Mark had that since infancy but no one listened to me about it aside from doing

a lead test when he was 10 months old. Anyway, sure enough, one week after this

specialist asked me to start watching him closely, while playing at Mcs

Playland my son fell to the ground with absolutely no pulse, breathing or

detectable heartbeat. I have several friends who have epilepsy so I was waiting

for the twitching and was pretty comfortable dealing with it since I had helped

my friends so much in college, but alas he never twitched. He basically laid

there dead in my arms while onlookers watched. Thankfully he did eventually

begin breathing again on his own but my point is that there are definitely times

when seizures are an emergency situation. There's an off chance that he

wouldn't have begun to breathe again. Thankfully he hasn't had a seizure in

about 4 years but I'm not looking forward to puberty when they could possibly

return (or so the pros say).

I'm glad there are so many people on this list to help provide facts and

support.

Thanks,

Tammy

[Guest guest]

Hi Tammy - sorry to jump in here and change subjects, but my

daughter also spaces out (nonresponsive and then kind of snaps out

of it. usually only happens at quiet times though which makes me

suspect she is just day dreaming) and has had 2 episodes where she

collapsed which were preceded by hyperventilating. Her ped said she

had breath holding episodes and passed out. I let it go, but

mentioned it to her neuro the other day and he immediately sounded

concerned and wants to an EEG. Now I'm concerned. Did your son end

up having an EEG and was it confirmed that he had seizure activity

going on?

Thanks, Traci mom to Kennedy 2.0 and Hunter 4.6

--- In @y..., " Tammy Sowell " <Tammy_S68@m...>

wrote:

> Daphne,

>

> You're right about the seizures. It's just the way the one person

posted " I am so relieved to know that seizures cannot kill you "

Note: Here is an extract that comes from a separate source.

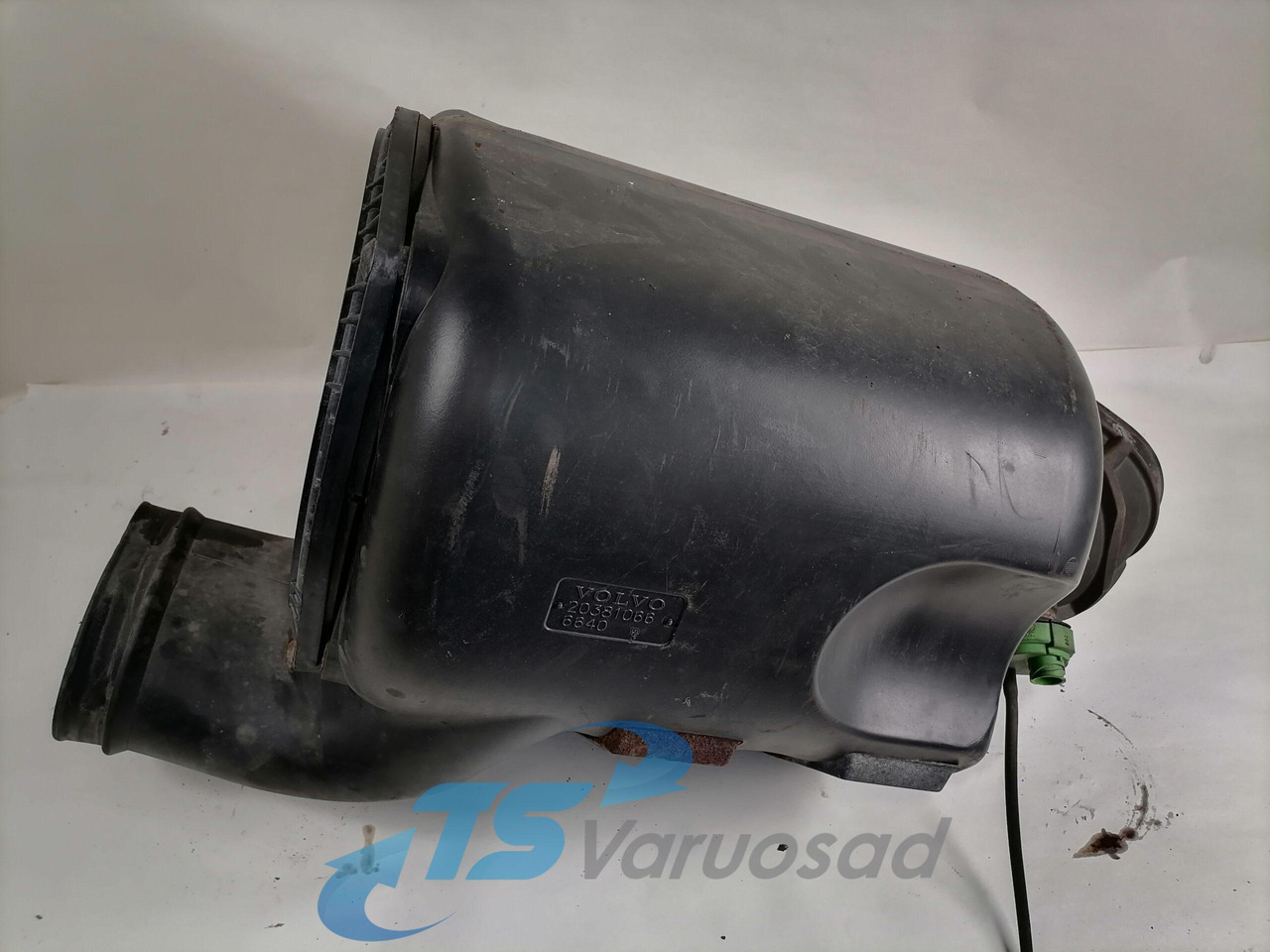 Volvo Air filter housing 20381066 - Всмукателна система за Камион: снимка 1 Volvo Air filter housing 20381066 - Всмукателна система за Камион: снимка 1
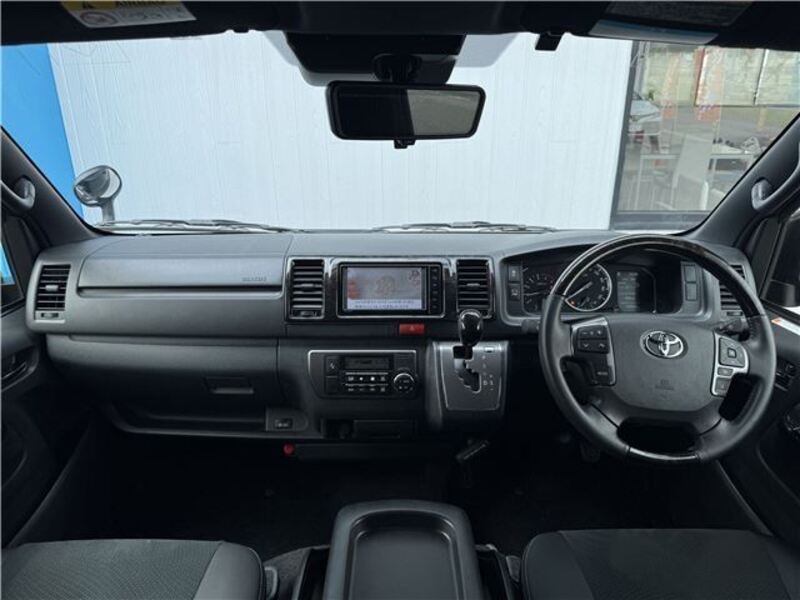 HIACE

which I didn't want everyone else on this list to read and God

forbid their child has their first seizure tomorrow and they figure

it's no big deal since it can't kill them and not get immediate

help.

>

> My son was 2 1/2 when diagnosed with autism and the specialist

asked me if I'd noticed any symptoms, like spacing out, that could

be seizure activity. Well Mark had that since infancy but no one

listened to me about it aside from doing a lead test when he was 10

months old. Anyway, sure enough, one week after this specialist

asked me to start watching him closely, while playing at Mcs

Playland my son fell to the ground with absolutely no pulse,

breathing or detectable heartbeat. I have several friends who have

epilepsy so I was waiting for the twitching and was pretty

comfortable dealing with it since I had helped my friends so much in

college, but alas he never twitched. He basically laid there dead

in my arms while onlookers watched. Thankfully he did eventually

begin breathing again on his own but my point is that there are

definitely times when seizures are an emergency situation. There's

an off chance that he wouldn't have begun to breathe again.

Thankfully he hasn't had a seizure in about 4 years but I'm not

looking forward to puberty when they could possibly return (or so

the pros say).

>

> I'm glad there are so many people on this list to help provide

facts and support.

> Thanks,

> Tammy

[Guest guest]

Traci wrote:

. Did your son end

up having an EEG and was it confirmed that he had seizure activity

going on?

I know you were emailing Tammy but thought I would jump in and add my two

cents worth. My son was diagnosed with epilepsy by EEG, he had three EEG's

before the official diagnosis and an MRI. His first EEG was at 14 months and

was normal, the next one was unreadable due to his activity during the session

and the third showed spikes consistent with seizure activity. Hope this is

helpful.

Daphne mom to Spencer 5 1/2 yrs epilepsy; Zach 3 yrs SID, hypotonia, oral/limb

apraxia; Noah 6 months

[Guest guest]

I second the opinion that this is breath holding spells - but I would

not just do an EEG to rule out seizures, but do a 24-48 hour EEG,

preferably as an ambulatory EEG, where they wire her up, and let her

go about her usual activities, with the EEG being recorded on a

walkman like device (sort of like a Holter monitoring for EKG) and

you watching for an event like you described. Otherwise, you may

miss the spell, or she might not seize at all during the hour or two

that they do the regular EEG.

Good luck,

Larry Laveman, MD

Consultant, CHERAB

http://www.apraxia.cc

> > Daphne,

> >

> > You're right about the seizures. It's just the way the one

person

> posted " I am so relieved to know that seizures cannot kill you "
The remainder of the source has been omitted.